Tony Cervone, who’s worked on various Scooby-Doo projects since 2010, posted a Pride Month post to Instagram on June 28 and stated in a now-edited caption that Velma’s status within the LGBTQ community was always there.  

“Marcie and Velma – Mystery Incorporated,” he wrote, alongside a picture of the two characters from 2010’s Scooby-Doo Mystery Incorporated. “I obviously don’t represent every version of Velma Dinkley, but I am one of the key people that represents this one. We made our intentions as clear as we could ten years ago. Most of our fans got it. To those that didn’t, I suggest you look closer. There’s no new news here.”

Unilad also reported that a Twitter user shared a screenshot of an argument Cervone had with someone on Instagram about the topic. 

“I’ve said this before, but Velma in Mystery Incorporated is not bi. She’s gay,” he wrote. “We always planned on Velma acting a little off and out of character while she was dating Shaggy because that relationship was wrong for her and she had unspoken difficulty with the why.” 

Cervone then cites his sources, as if writing and working on the series didn’t already give him credibility enough. 

“There are hints about the why in that episode with the mermaid, and if you follow the entire Marcie arc it seems as clear as we could make it 10 years ago,” he wrote. “I don’t think Marcie and Velma had time to act on their feelings during the main timeline, but post reset, they are a couple. You can not like it, but this was our intention.”

A lot of fans are ecstatic, and honestly? The proof was in the pudding this whole time

As you can imagine, fans from the LGBTQ community and more are ecstatic about this development, if they didn’t already pick up on the writing from the 2010 series. 

And, if you look back and read between the lines, there are other examples of Velma’s gayness.
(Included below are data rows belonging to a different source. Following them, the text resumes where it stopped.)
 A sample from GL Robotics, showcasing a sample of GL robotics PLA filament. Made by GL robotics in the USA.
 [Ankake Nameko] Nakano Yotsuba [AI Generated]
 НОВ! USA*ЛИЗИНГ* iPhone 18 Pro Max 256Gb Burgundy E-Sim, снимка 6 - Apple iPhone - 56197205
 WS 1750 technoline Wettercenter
Whether she’s cheekily talking about Daphne’s grunting noises or about her looking up her skirt, the jokes are there.

James Gunn Shares ‘Scooby-Doo’ Secrets: ‘They CG’d Clothes Over Linda Cardellini and Sarah Michelle Gellar’s Cleavage’
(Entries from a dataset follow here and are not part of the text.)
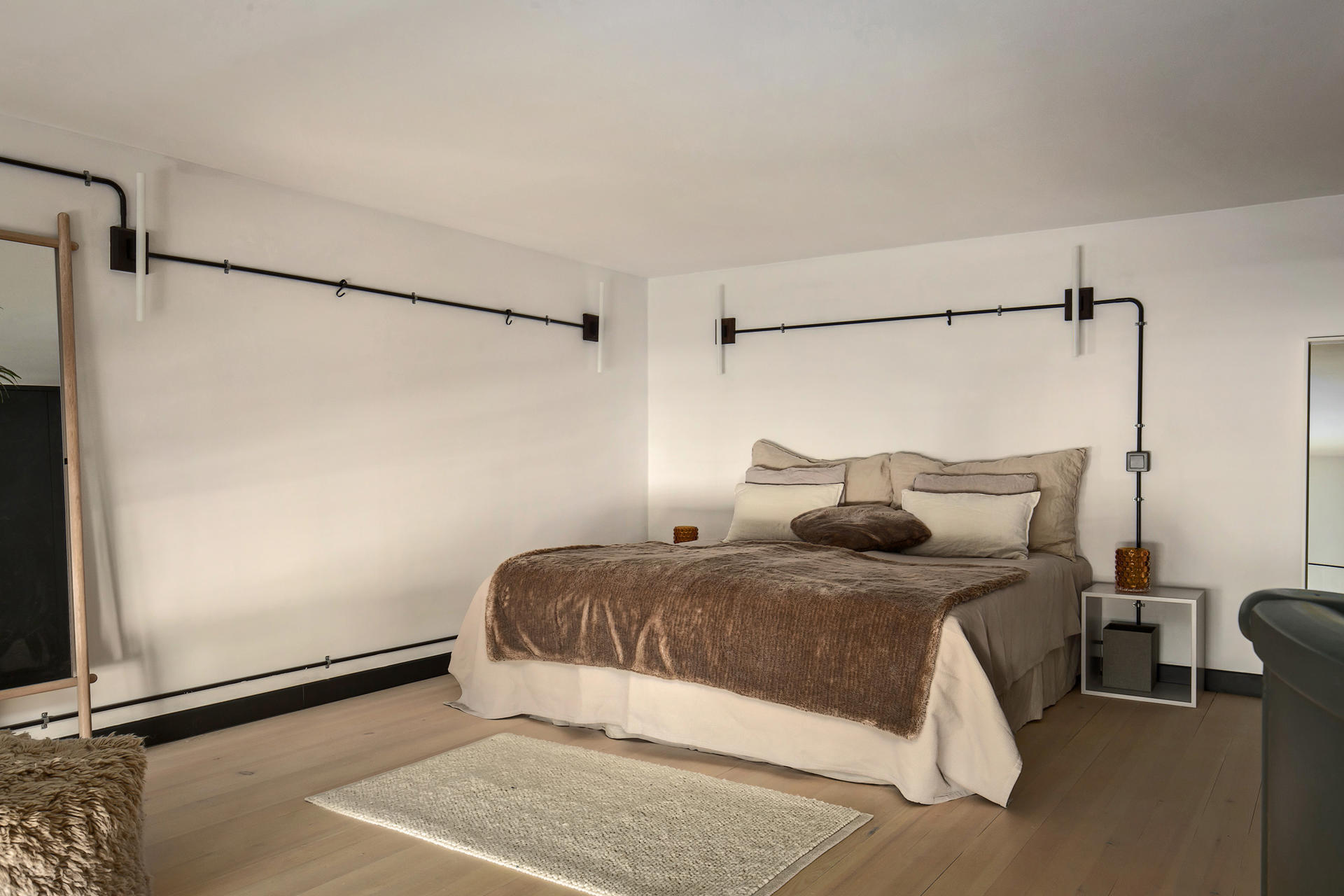 chambre sur mezzanine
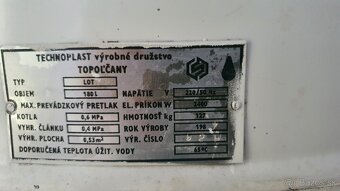 Bojlery, pisoáre, umývadlá, WC kabínky. - 4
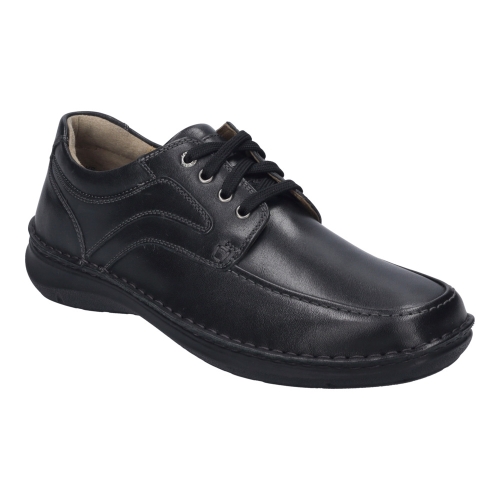 Pánské extra široké polobotky Josef Seibel 44962-859-100 černé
Plus, Sarah Michelle Gellar — who played Daphne in the early 2000s live-action films — told Sci-Fi Wire that there’s a deleted scene of her and Linda Cardellini (Velma) kissing in the first film. 

“It wasn’t just, like, for fun… initially, in the soul-swapping scene, Velma and Daphne couldn’t seem to get their souls back together in the woods, and so the way they found was to kiss and the souls went back into proper alignment,” she said. “Linda is quite a kisser.”

So whether you obviously see Velma kissing women in a Scooby-Doo movie or show, or not, just know she’s the people’s newest sapphic fave. Pride Month is every day for the gays.